19.4 Sheth-Tormen Extension

The Press-Schechter multiplicity function is \[ f_{\mathrm{PS}}(\nu) = \sqrt{\frac{2}{\pi}}\,\nu\,e^{-\nu^2/2}. \]

The Sheth-Tormen form modifies this to better match simulation-based halo abundances: \[ f_{\mathrm{ST}}(\nu) = A\,\sqrt{\frac{2a}{\pi}}\,\nu\left[1+(a\nu^2)^{-p}\right]e^{-a\nu^2/2}, \] with typical parameters \(A=0.3222\), \(a=0.707\), and \(p=0.3\).
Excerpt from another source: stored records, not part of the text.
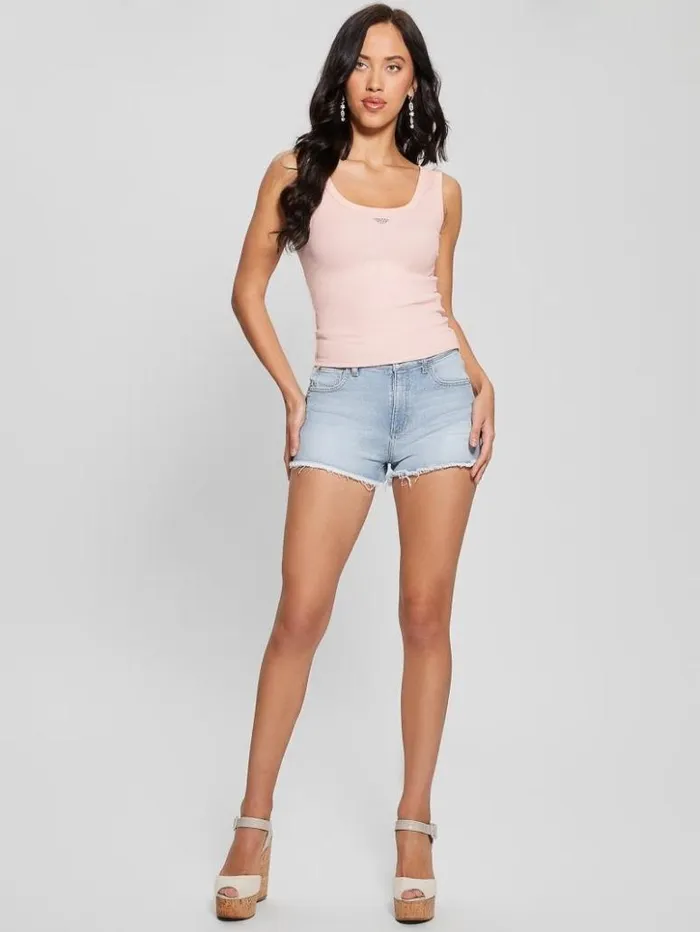 Women GUESS Jeans and Denim Denim Mom Shorts Skyblue Wash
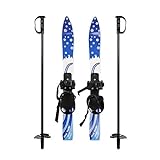 COLOR TREE Toddler Skis with Poles and Bindings, Kids Skis and Poles with Bindings, Beginner Snow Ski Age 2-4, 27 inches, Blue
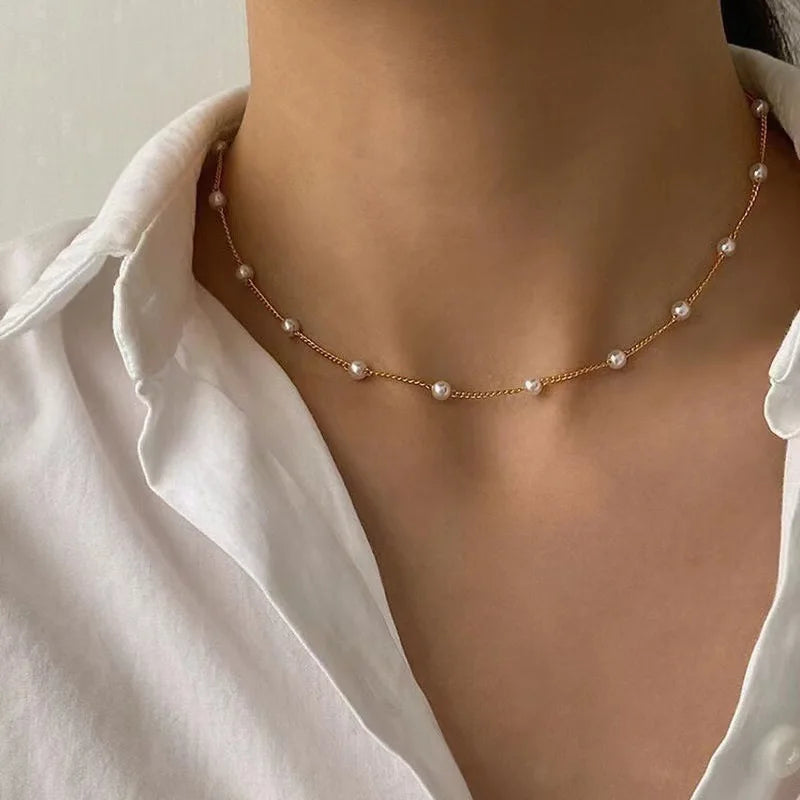 Conjunto de colar de pérolas feminino, 3 peças, ouro 14k, moda amor, coração, pingente, à prova d'água, hipoalergênico.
Using either multiplicity function, \[ \frac{\mathrm{d}n}{\mathrm{d}\ln M} = \frac{\bar{\rho}}{M}f(\nu)\left|\frac{\mathrm{d}\ln\sigma}{\mathrm{d}\ln M}\right|. \]

Code

# Sheth-Tormen multiplicity parameters
A_st = 0.3222
a_st = 0.707
p_st = 0.3

# Sheth-Tormen dn/dlnM on the same theory mass grid
f_st = (
    A_st
    * np.sqrt(2.0 * a_st / np.pi)
    * nu_theory
    * (1.0 + (a_st * nu_theory**2) ** (-p_st))
    * np.exp(-0.5 * a_st * nu_theory**2)
)
st_mass_function = (rho_m0 / M_theory) * f_st * np.abs(dlnsigma_dlnM_theory)
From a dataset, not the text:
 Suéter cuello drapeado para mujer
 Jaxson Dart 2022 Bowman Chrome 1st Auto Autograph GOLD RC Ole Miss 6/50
# Plot Quijote + Press-Schechter + Sheth-Tormen
plt.figure(figsize=(7, 5))
for dndlnM in mass_functions:
    mask = dndlnM > 0
    plt.plot(mass_centers[mask], dndlnM[mask], color='0.82', lw=0.9)
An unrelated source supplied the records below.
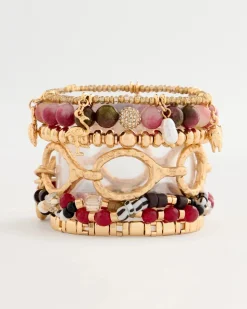 Raspberry Round Stretch Bracelet
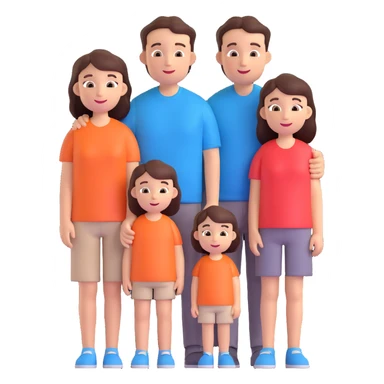 a white family with three children, a boy and two girls sticker
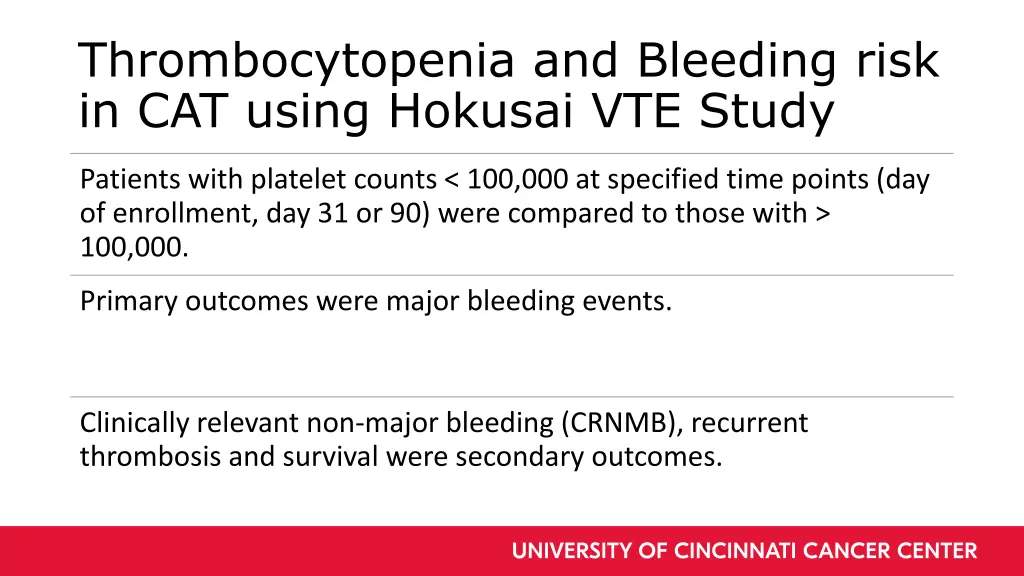 thrombocytopenia and bleeding risk in cat using 1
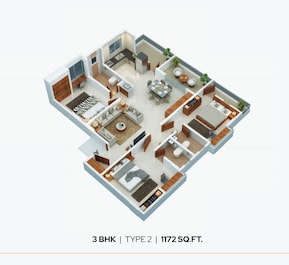 3 BHK 1172 Sq. Ft. Apartment in RVK Tarang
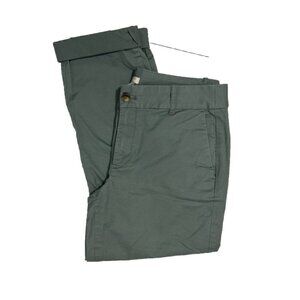 J.Crew Flat Front Stretch Chino Pants Capri Sage Green Cuffed Sz 6 Cotton Blend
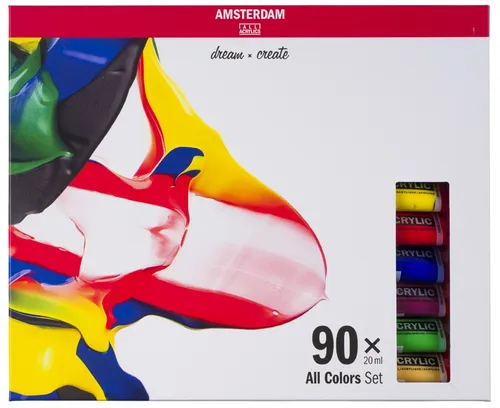 ROYAL TALENS Acrylfarbe AMSTERDAM General Selection 90x20ml - Schreibutensilien: Hochwertige Acrylfarben in 90x20ml Tuben, ideal für kreative Projekte und brillante Farbergebnisse.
mask_quijote = mean_mass_function > 0
mask_ps = ps_mass_function > 0
mask_st = st_mass_function > 0

plt.plot(
    mass_centers[mask_quijote],
    mean_mass_function[mask_quijote],
    color='k',
    lw=2.5,
    label='Quijote mean',
)
plt.plot(
    M_theory[mask_ps],
    ps_mass_function[mask_ps],
    color='tab:blue',
    lw=2.0,
    ls='--',
    label='Press-Schechter',
)
plt.plot(
    M_theory[mask_st],
    st_mass_function[mask_st],
    color='tab:red',
    lw=2.0,
    ls='-.',
    label='Sheth-Tormen',
)

plt.xscale('log')
plt.yscale('log')
plt.xlabel(r"$M\,[M_\odot/h]$")
plt.ylabel(r"$\mathrm{d}n/\mathrm{d}\ln M\;[(\mathrm{Mpc}/h)^{-3}]$")
plt.title("Halo Mass Function at $z=0$")
plt.grid(alpha=0.3)
plt.legend()
plt.tight_layout()
plt.show()